*RECORDED DATA*
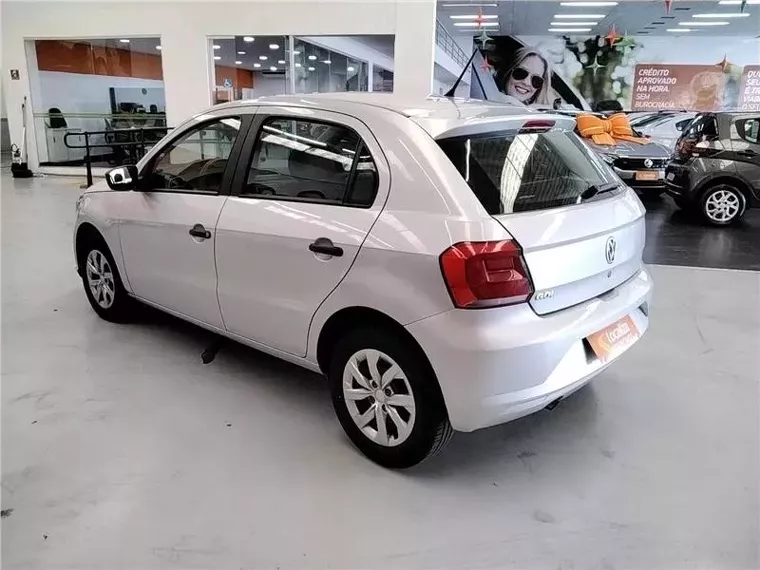 Volkswagen Gol Prata 9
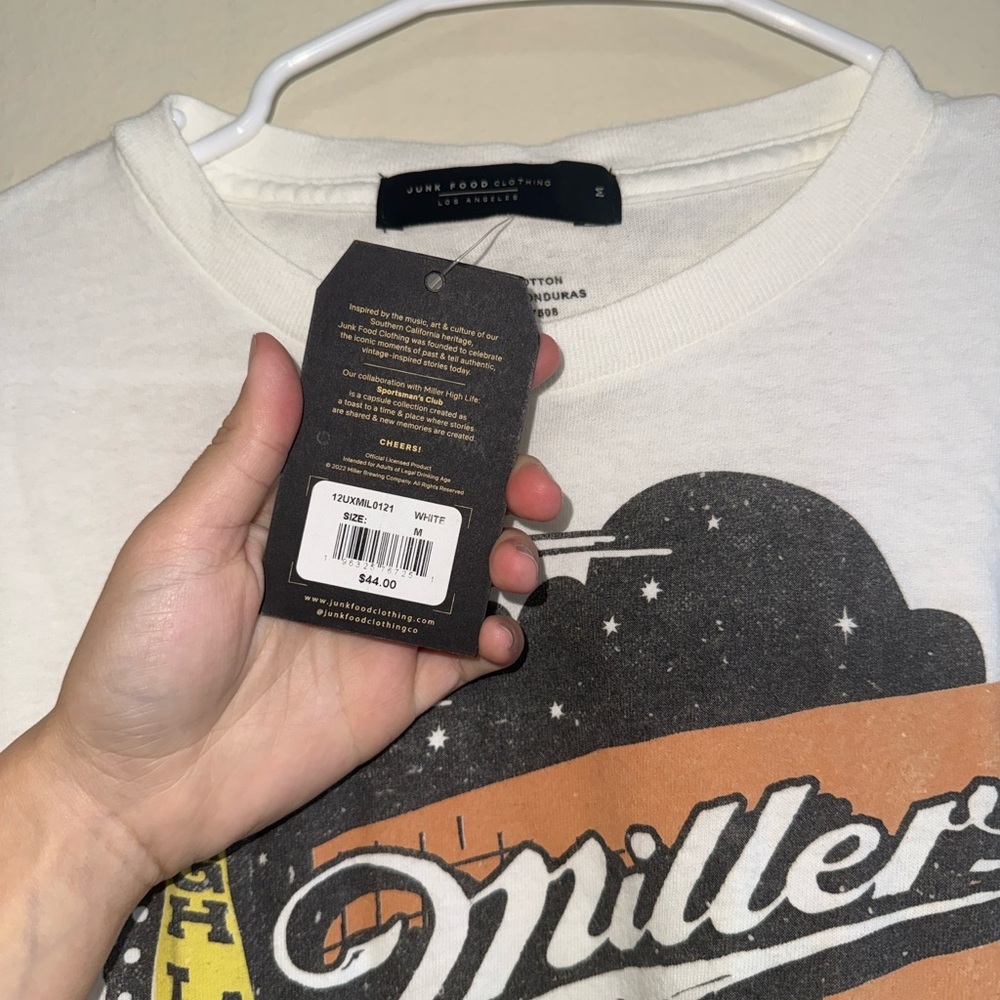 Junk Food Clothing Closet Miller High Life Sportsman's Club Tee Size M NWT $45 - Picture 8 of 9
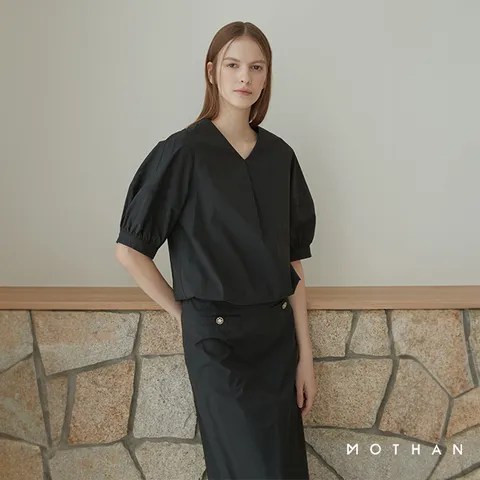 [런칭가 99000원] 모덴 24SS 피오니 볼륨 브이넥 블라우스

*EXERCISE OBJECTIVE*
Write out every line above exactly as it is, leaving out the pictures.

*EXERCISE SOLUTION*
 Volkswagen Gol Prata 9
 Junk Food Clothing Closet Miller High Life Sportsman's Club Tee Size M NWT $45 - Picture 8 of 9
 [런칭가 99000원] 모덴 24SS 피오니 볼륨 브이넥 블라우스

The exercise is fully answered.